▸ **Source material**
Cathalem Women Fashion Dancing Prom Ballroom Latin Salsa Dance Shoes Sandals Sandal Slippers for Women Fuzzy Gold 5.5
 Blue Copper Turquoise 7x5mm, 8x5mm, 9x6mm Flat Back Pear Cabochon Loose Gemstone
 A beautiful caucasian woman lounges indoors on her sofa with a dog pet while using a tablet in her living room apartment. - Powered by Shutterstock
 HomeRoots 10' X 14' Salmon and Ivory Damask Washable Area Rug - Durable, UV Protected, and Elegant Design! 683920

▸ **Task objective**
Without any change, write the listing out again.

▸ **Answer below**
Cathalem Women Fashion Dancing Prom Ballroom Latin Salsa Dance Shoes Sandals Sandal Slippers for Women Fuzzy Gold 5.5
 Blue Copper Turquoise 7x5mm, 8x5mm, 9x6mm Flat Back Pear Cabochon Loose Gemstone
 A beautiful caucasian woman lounges indoors on her sofa with a dog pet while using a tablet in her living room apartment. - Powered by Shutterstock
 HomeRoots 10' X 14' Salmon and Ivory Damask Washable Area Rug - Durable, UV Protected, and Elegant Design! 683920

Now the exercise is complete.